The world thus witnessed one apparent violation after another, not only of the post-Cold War rules but also of the lessons of previous postwar eras. "Human rights trumps sovereignty," Madeleine Albright famously declared during NATO's bombing of Serbia in 1999, forgetting the central 20th-century lesson that human rights cannot be furthered anywhere in the absence, or in repudiation, of state authority.
Likewise, economic prosperity, which the great proponent of European unity, Jean Monnet, insisted must be guided by the not-so-invisible hand of political consensus across borders, became its own mantra, itsmeans and its own end, apart from any reasonable understanding of the cultural, institutional, and geopolitical conditions that further it.
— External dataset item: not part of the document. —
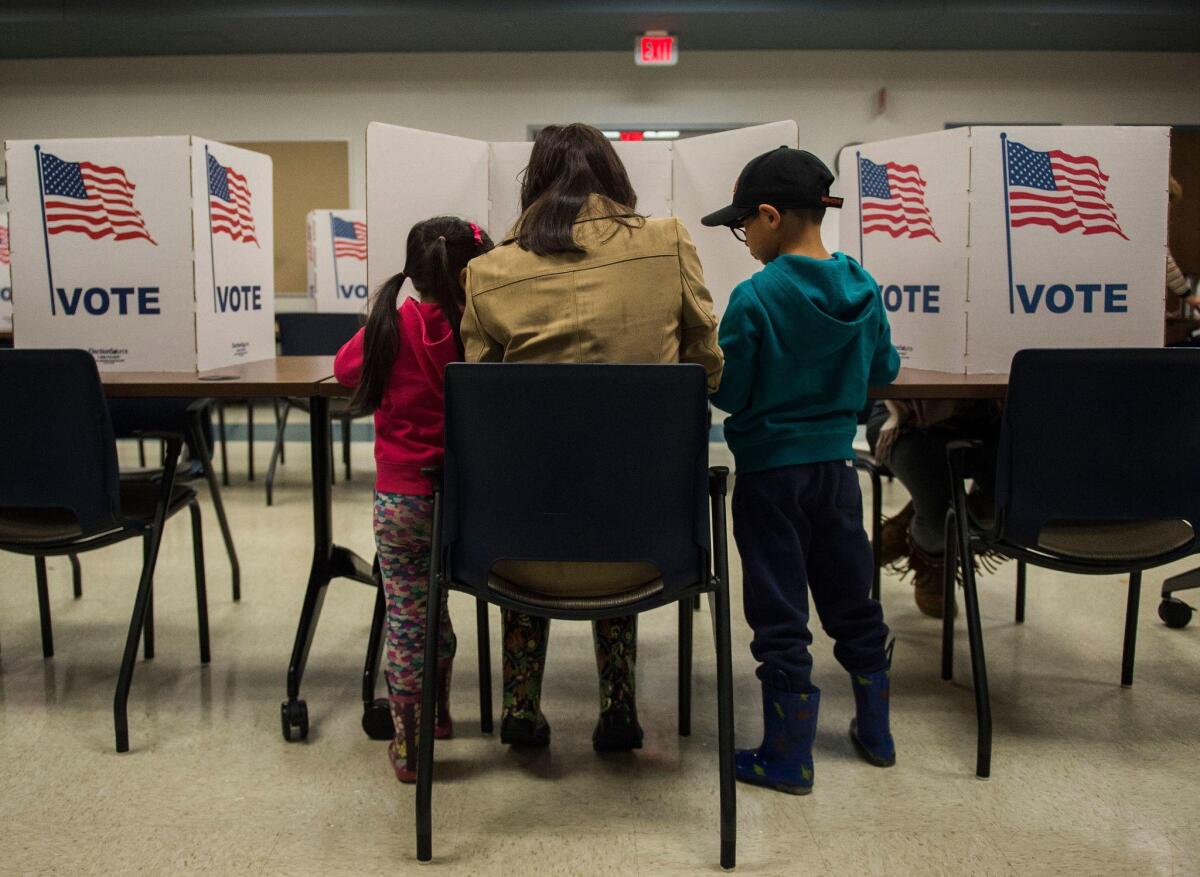 With her children as observers, a woman votes during the midterm elections at the Fairfax County bus garage in Lorton, Va.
Looking back, then, we see several important opportunities squandered. The biggest—which may yet come to bite us—is the failure of the then five declared nuclear weapons states (plus Israel) to devise a deliberate program of reducing nuclear inventories worldwide to a few hundred and, eventually, to zero. Former U.S. secretaries of state Baker, Kissinger, and Shultz, along with several others, have insisted that it's not too late to turn back the tide. But with a nuclear India, Pakistan, North Korea, and, on the near horizon, Iran, Egypt, Turkey, and probably Algeria and Saudi Arabia, the prospects are bleak. We now face the brave new world that John F. Kennedy and others warned about before the advent of the nonproliferation regime: a world of 20-plus nuclear powers, all balanced precariously against all the others by the terror of total destruction within minutes.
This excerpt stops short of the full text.